_Activity:_ In the material below, the required lines run from the one containing "Swarovski SK5268" through the one containing "Spaces - 90". Copy those lines exactly, ends included, and nothing else.

_Available data:_
- - - -

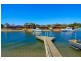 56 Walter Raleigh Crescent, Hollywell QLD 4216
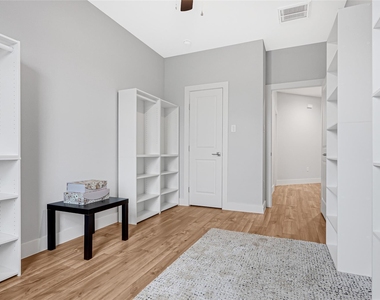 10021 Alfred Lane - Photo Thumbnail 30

- - - -

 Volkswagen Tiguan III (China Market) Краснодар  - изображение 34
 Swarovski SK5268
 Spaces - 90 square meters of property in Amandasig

- - - -

_Exercise result:_
 Swarovski SK5268
 Spaces - 90 square meters of property in Amandasig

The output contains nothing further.